World Enough and Time
Page 6
The orotund smugness of this passage was characteristic of Restoration hindsight (and written under the censorship of Charles II) but it is consistent with Marvell’s sense of divine providence in human affairs (‘’Tis Madness to resist or blame/The force of angry heavens flame’). It has been suggested that the phrase ‘the Cause was too good to have been fought for’ means not that the Civil War should never have happened or that the King should have been trusted to resolve the political conflict in his own way, but that the cause was so transparently the right and just one that no one should ever have contemplated taking up arms against it.4 Both interpretations are consistent with a view that trusts to some degree in fate rather than the intervention of human agency. Marvell was not a political revolutionary or Utopian, in an age when plenty of both abounded, and it is likely that he and Fairfax, in their rural sequestration on the banks of the Rivers Wharfe and Ouse at Nun Appleton House, the former Lord General’s country seat at the confluence of the two rivers, enjoyed many reflections and discussions on these great issues of state.

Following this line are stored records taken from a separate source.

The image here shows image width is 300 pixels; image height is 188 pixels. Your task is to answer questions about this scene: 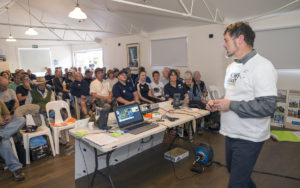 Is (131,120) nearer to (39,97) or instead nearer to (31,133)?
(31,133)

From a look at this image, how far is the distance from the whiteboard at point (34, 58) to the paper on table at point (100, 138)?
10528 millimetres

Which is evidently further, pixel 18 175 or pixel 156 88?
pixel 156 88

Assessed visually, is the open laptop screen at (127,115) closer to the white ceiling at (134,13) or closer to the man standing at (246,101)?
the man standing at (246,101)

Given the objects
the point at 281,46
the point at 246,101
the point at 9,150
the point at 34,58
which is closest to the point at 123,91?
the point at 9,150

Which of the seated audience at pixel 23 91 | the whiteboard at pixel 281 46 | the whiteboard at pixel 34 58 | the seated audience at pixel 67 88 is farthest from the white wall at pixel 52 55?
the whiteboard at pixel 281 46

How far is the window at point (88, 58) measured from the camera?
11630 millimetres

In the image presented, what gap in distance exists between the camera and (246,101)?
1.34 m

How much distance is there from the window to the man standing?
10.8 m

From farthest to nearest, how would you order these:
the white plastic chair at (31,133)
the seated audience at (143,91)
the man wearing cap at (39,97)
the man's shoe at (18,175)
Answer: the seated audience at (143,91)
the man wearing cap at (39,97)
the white plastic chair at (31,133)
the man's shoe at (18,175)

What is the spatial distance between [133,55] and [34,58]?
20.8ft

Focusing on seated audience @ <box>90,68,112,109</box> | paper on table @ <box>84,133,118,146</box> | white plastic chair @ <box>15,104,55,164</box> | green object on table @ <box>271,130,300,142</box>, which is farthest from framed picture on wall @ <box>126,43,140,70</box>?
paper on table @ <box>84,133,118,146</box>

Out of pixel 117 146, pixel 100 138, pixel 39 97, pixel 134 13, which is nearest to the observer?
pixel 117 146

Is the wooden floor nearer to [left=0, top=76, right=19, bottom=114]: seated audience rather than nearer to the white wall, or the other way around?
[left=0, top=76, right=19, bottom=114]: seated audience

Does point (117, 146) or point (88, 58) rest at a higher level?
point (88, 58) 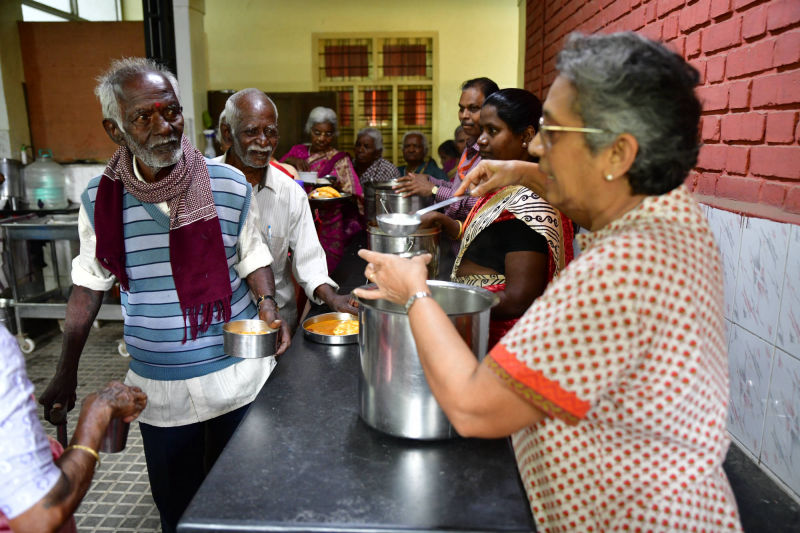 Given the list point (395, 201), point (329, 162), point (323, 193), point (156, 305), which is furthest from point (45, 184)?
point (156, 305)

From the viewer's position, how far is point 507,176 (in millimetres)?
1676

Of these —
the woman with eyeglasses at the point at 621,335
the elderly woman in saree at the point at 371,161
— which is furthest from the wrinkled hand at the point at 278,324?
the elderly woman in saree at the point at 371,161

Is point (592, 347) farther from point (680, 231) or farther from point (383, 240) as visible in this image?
point (383, 240)

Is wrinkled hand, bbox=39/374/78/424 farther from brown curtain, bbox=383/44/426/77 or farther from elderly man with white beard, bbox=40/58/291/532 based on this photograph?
brown curtain, bbox=383/44/426/77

Thomas Fairfax had been born on 17 January 1612 at Denton in Yorkshire. From the outset of the Civil War he was a prominent supporter of Parliament in Yorkshire but even when he accepted the appointment as Commander-in-Chief he was, according to his later reflections, diffident about doing so. ‘I was so far from desiring it,’ he wrote, ‘that had not so great an authority [the House of Commons] commanded obedience, being then unseparated from the royal interest, besides the persuasions of nearest friends, not to decline so free and general a call, I should have hid myself among the staff to have avoided so great a charge.’5 He went on to perform courageously – sometimes recklessly – as a military commander, in spite of frequent ill health. During the siege of Colchester in the summer of 1648, Milton – a far less equivocal and subtle praiser of politicians than Marvell, as his sonnet on Cromwell demonstrates – wrote a sonnet in praise of the Lord General which opened: ‘Fairfax, whose name in arms through Europe rings/Filling each mouth with envy, or with praise,/And all her jealous monarchs with amaze’, and which celebrated the ‘firm unshaken virtue’ of Fairfax.6
But it was the trial and execution of the King that started the process of withdrawal of Fairfax from the Cromwellian cause. When he was appointed one of the King’s judges in 1649, and his name was read out as such, his wife is said to have protested that her husband would never sit as a judge. In the account by Edward Hyde, the Earl of Clarendon, in his History of the Rebellion, she called out in the court that her husband ‘had more wit than to be there’ and a few moments later when the impeachment of the King was read out, making use as it did of the expression ‘all the good people of England’, she cried out again, ‘No, nor the hundreth part of them’ before being bundled out of court.7 Though some historians are sceptical, her husband later claimed that he had not wanted the King to die: ‘My afflicted and troubled mind for it and my earnest endeavours to prevent it will sufficiently testify my dislike and abhorrence of the fact,’ he insisted in the Short Memorials. But Clarendon, a hostile witness of course, observed that Fairfax ‘out of the stupidity of his soul’ was throughout ‘overwitted by Cromwell, and made a property to bring that to pass which could very hardly have been otherwise effected’. The Lord General’s misgivings about the Parliamentary Army and its domination by the so-called Agitators (whom he dubbed ‘the Forerunners of Confusion and Anarchy’) came to a head the year after he had put down a mutiny of Levellers at Burford in the spring of 1649. In the summer of 1650 the council of state wanted to attack Scotland as a pre-emptive strike but Fairfax refused to condone an attack except in defence. ‘Human probabilities’, he said in his letter of resignation, ‘are not sufficient grounds to make war upon a neighbour nation, especially our brethren of Scotland, to whom we are engaged in a solemn league and covenant.’ Parliament pleaded with him but he was adamant. Only in his late thirties, Fairfax thus retired to Nun Appleton where he lived for the rest of the Commonwealth and during the Protectorate (though he was MP for the West Riding in the 1654 Parliament).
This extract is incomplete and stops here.